Muzyka, kariera i miłość
W filmie Danny’ego Boyla występują dwa główne wątki, które wypełniają życie głównego bohatera. Jednym z nich jest muzyka i pojawiająca się, dzięki piosenkom Beatlesów, szansa na wielką, międzynarodową karierę. Jeden udany występ w klubie, wydana po kosztach amatorska płyta i nagle rusza machina showbiznesu. Nasz bohater przyćmiewa nawet, grającego w filmie samego siebie, Eda Sheerana. Można odebrać to jako hołd złożony The Beatles i podkreślenie, że ich muzyka była uniwersalna i stałaby się tak samo wyjątkowa, gdyby wykonywano ją pięćdziesiąt lat później.
Na ekranie możemy zaobserwować także, jak działa wielki przemysł muzyczny. Tytuł albumu musi być chwytliwy i unikać kontrowersji (dlatego nikt ni zgodziłby się na „rasistowski” tytuł „White album”), nad wizerunkiem muzyka pracuje sztab ludzi, a plan tygodnia ustala menadżerka (w tej roli Kate McKinnon). Przedstawiony w nieco przejaskrawiony sposób świat showbiznesu zostaje skontrastowany z typem głównego bohatera – chłopaka, który znalazł się w nim nagle i nieco przez przypadek.
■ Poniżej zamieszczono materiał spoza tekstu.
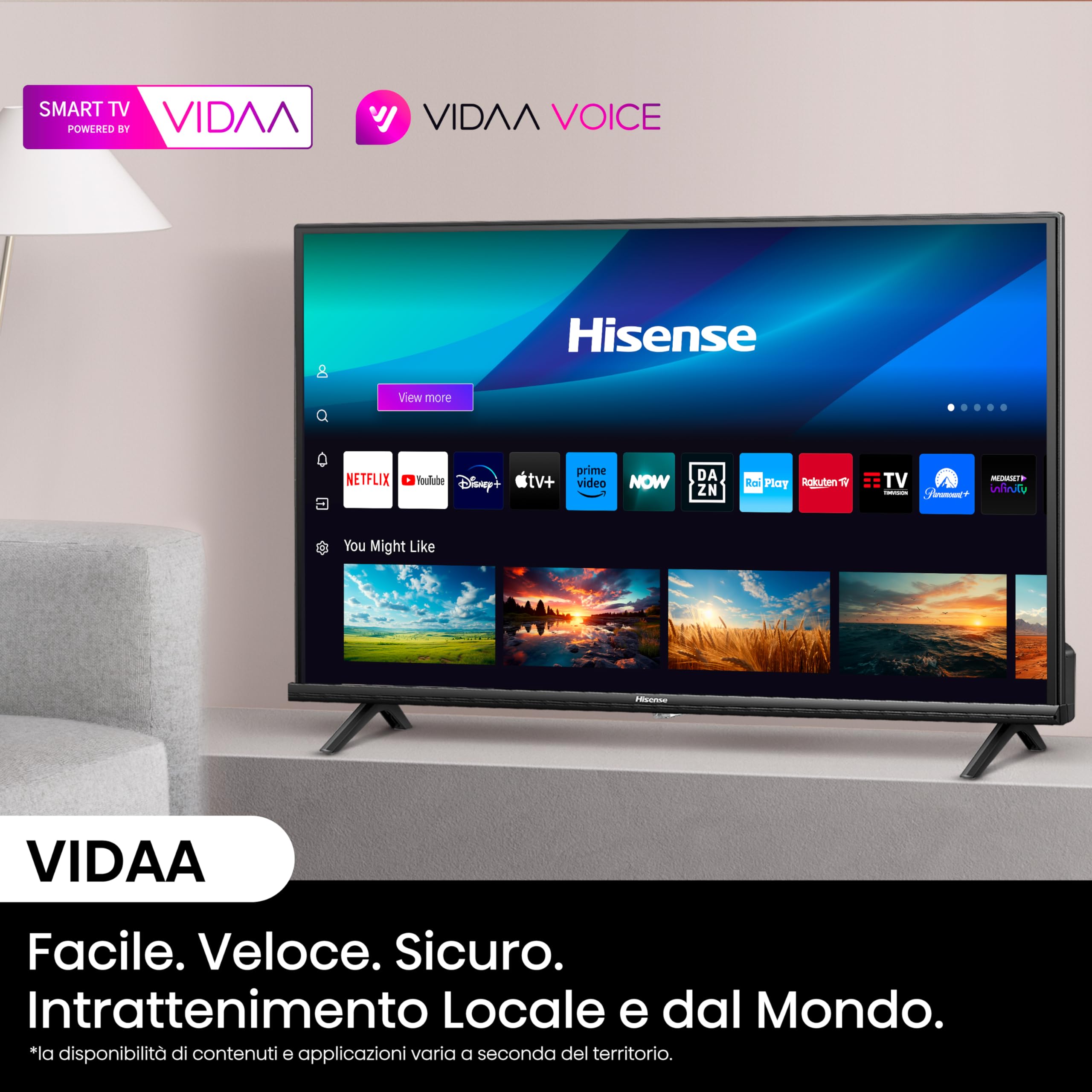 Hisense TV 32" HD Ready 32E43NT, Smart TV VIDAA U7, Game Mode, Works with Alexa, Tuner DVB-T2/S2 HEVC 10, lativù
Well, I saw her yesterday-ay
It’s you she’s thinking of
And she told me what to say-ay
She says she loves you
Drugą osią jest relacja z Ellie (Lily James) – początkowo przyjaciółką ze szkoły i menadżerką, która przyznaje się, że czuje do Jacka coś więcej i nie chce pozostać na zawsze u niego w kolumnie „koleżanki”. Niestety kariera i Ellie są to dwie rozbieżne drogi i trudno będzie kroczyć po obu. Po błyskawicznej wspinaczce na szczyt Jack, nieco zaskoczony wyznaniem Ellie, musi podjąć decyzję, co dalej, zanim będzie już za późno. Czy będzie musiał wybrać, czy uda mu się jednak to połączyć?
Można się pośmiać
And I, I could see
That before too long
I’d fall in love with her
When I saw her standing there
„Yesterday” to bardzo pozytywna komedia i chociaż działa według klasycznego schematu komedii romantycznych, to można się na niej bardzo dobrze bawić. Bywa zarówno wesoło, jak i wzruszająco. A do tego można zanucić pod nosem ulubione piosenki, które w wykonaniu Himesha Patela brzmią naprawdę dobrze. „Yesterday” to dobry film na miły wieczór.